* BRIEF
A verbatim copy of the records is required, with all pictures left out.

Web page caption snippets
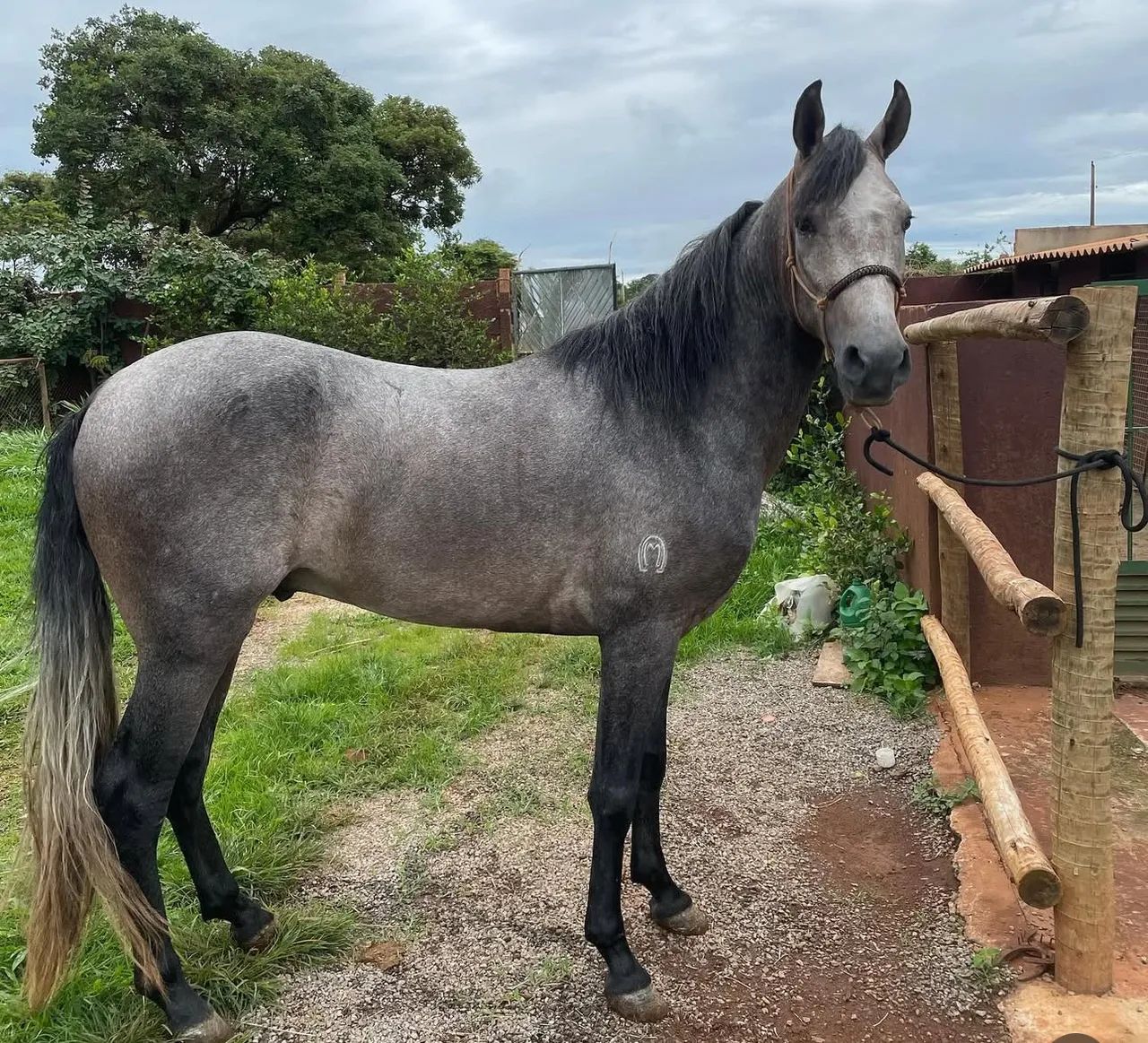 Manga larga troco por quarto de milha  - Foto 2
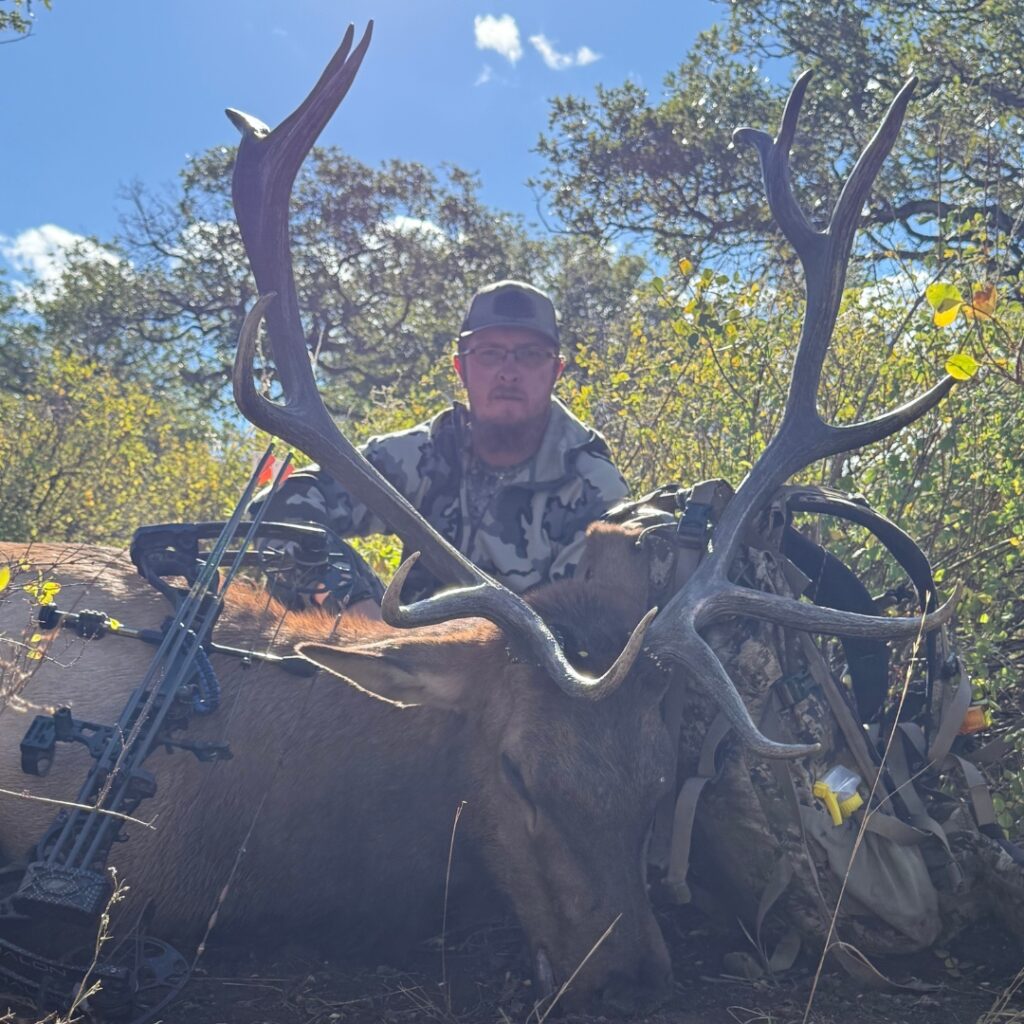 Colorado Forest Elk Hunt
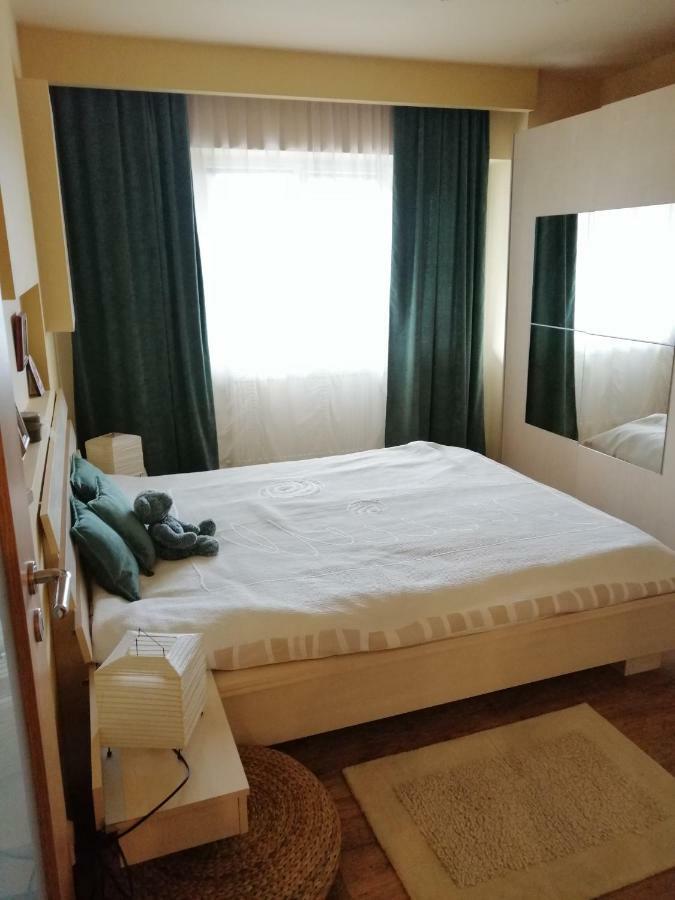 Carpatilor Residence براشوف المظهر الخارجي الصورة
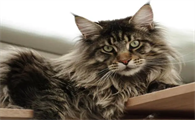 缅因猫怎么分辨是不是串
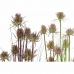 Dekorativna rastlina DKD Home Decor 40 x 40 x 150 cm Roza Lila Polietilen PVC (2 kosov)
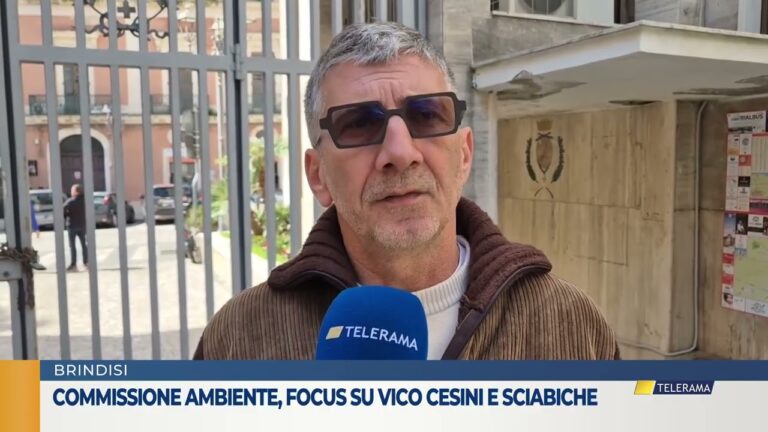 Commissione ambiente , focus su Vico Cesini e Scabiche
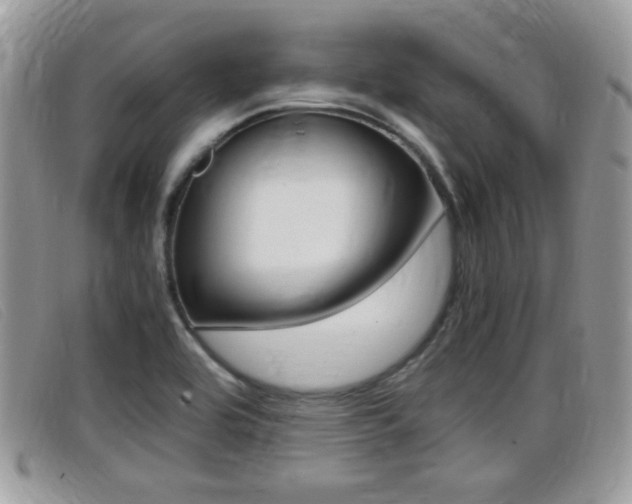 X0000099431464200805090716
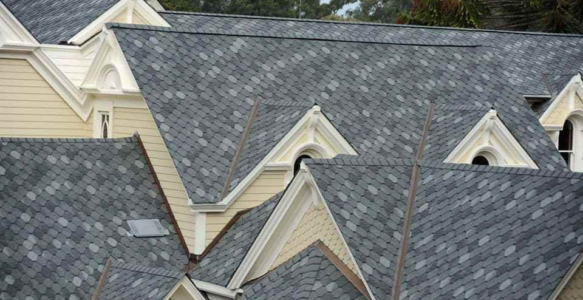 Bitumen Roof dengan Variasi Warna yang Banyak dan Kokoh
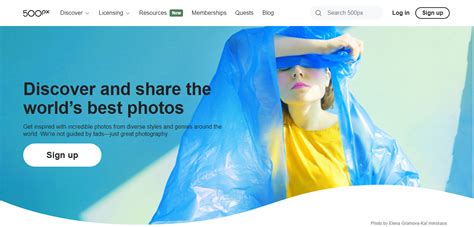 Image result for Software Hosting Platforms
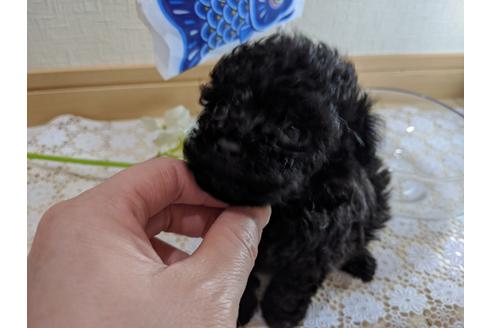 成約済の広島県のティーカッププードル-93013の17枚目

* RESPONSE TO THIS TASK
 Manga larga troco por quarto de milha  - Foto 2
 Colorado Forest Elk Hunt
 Carpatilor Residence براشوف المظهر الخارجي الصورة
 缅因猫怎么分辨是不是串
 Dekorativna rastlina DKD Home Decor 40 x 40 x 150 cm Roza Lila Polietilen PVC (2 kosov)
 Commissione ambiente , focus su Vico Cesini e Scabiche
 X0000099431464200805090716
 Bitumen Roof dengan Variasi Warna yang Banyak dan Kokoh
 Image result for Software Hosting Platforms
 成約済の広島県のティーカッププードル-93013の17枚目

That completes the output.